Compared with older people, they are more anti-abortion, more interventionist in foreign policy and more focused on long-range consequences. They trust government more—which is hardly surprising since, in their experience, government has always been trying to do wonderful things for Americans their age. Moreover, they are more likely to believe that big problems (both at home and abroad) arise in the absence of effective government. At the moment, with the war on terrorism atop the nation’s agenda, they are therefore more likely to associate Republicans with a welcome growth in institutional authority and Democrats with “yes but” obstructionism. In all those respects, they are quite different from young Boomers back in the Vietnam years.

On the whole, this “Generation 9/11” does indeed appear to be signaling and embodying—and, in time, maybe leading—a new American mood. A shift from localism and globalism to renascent patriotism and national identity. A shift from faith in individualism to trust in civic authority. A shift from the edgy culture of shock to a more ritualised culture of reaffirmation. A shift from a focus on the rich and the poor to a new focus on the middle class.

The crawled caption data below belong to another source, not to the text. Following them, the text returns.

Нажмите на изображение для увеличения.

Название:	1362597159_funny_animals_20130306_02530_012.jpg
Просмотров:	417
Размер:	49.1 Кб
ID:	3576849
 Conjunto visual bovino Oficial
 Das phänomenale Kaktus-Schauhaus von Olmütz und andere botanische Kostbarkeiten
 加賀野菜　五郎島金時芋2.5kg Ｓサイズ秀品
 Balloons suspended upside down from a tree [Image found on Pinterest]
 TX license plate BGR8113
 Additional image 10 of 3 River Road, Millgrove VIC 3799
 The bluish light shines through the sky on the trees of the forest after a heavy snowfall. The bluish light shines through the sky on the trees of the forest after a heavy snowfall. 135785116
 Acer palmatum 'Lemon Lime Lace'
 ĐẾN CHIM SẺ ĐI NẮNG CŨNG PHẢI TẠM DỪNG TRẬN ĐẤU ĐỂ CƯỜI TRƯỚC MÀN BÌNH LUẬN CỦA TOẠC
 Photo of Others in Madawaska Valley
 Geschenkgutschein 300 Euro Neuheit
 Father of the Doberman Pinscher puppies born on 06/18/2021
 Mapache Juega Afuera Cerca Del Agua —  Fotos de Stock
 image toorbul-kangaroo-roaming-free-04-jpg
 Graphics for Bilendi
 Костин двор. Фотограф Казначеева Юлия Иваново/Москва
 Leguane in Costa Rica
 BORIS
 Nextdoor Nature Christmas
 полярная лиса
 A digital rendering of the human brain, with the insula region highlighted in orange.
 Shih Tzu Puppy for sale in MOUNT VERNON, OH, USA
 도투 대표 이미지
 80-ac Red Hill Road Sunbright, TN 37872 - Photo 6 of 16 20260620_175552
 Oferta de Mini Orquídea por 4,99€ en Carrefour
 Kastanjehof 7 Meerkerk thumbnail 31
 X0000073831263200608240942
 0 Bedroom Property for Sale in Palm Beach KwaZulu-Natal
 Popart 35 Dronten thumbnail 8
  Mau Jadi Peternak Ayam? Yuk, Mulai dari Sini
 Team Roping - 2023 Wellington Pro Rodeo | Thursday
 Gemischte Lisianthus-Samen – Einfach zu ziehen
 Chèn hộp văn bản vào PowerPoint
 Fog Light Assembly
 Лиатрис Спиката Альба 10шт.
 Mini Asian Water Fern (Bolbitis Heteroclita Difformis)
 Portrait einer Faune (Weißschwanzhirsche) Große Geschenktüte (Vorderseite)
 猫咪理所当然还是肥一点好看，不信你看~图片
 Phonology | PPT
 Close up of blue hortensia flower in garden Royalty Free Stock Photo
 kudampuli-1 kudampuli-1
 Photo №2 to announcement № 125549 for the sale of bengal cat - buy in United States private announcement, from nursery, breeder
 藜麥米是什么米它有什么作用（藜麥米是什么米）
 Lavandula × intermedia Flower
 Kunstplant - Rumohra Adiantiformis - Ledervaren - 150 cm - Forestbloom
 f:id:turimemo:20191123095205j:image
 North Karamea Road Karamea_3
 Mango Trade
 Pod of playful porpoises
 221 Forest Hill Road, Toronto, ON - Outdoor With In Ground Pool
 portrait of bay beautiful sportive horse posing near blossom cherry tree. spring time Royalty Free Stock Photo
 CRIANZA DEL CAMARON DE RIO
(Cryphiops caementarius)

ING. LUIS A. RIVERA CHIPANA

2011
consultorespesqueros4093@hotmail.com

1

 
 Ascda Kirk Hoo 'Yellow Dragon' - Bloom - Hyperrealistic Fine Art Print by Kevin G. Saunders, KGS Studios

A shift from an economy that vaunts risk and rags-to-riches mobility to one that prizes security and community.

American Millennials could be the leading edge of a global generation—one that will step forward in societies elsewhere to show that, yes, there really is something new after Generation X. Millennials could soon be at the doorstep of workplaces and college campuses all over the world, from Europe to Asia, Latin America to the Arab Crescent, asserting their new tastes, launching their new movements.

They’ll be with the new youth, for the next twenty years or so, until they too are supplanted by another new wave, one that will personally know nothing of life, and the world, before 11th September, 2001. They could be the next generation of heroes, what Americans might imagine as a “next great generation.” That’s if all goes well. If all does not, they will be the resolute workers and soldiers and parents who pick up the pieces. To some extent, that depends on them. It also depends on us, their parents, teachers and leaders.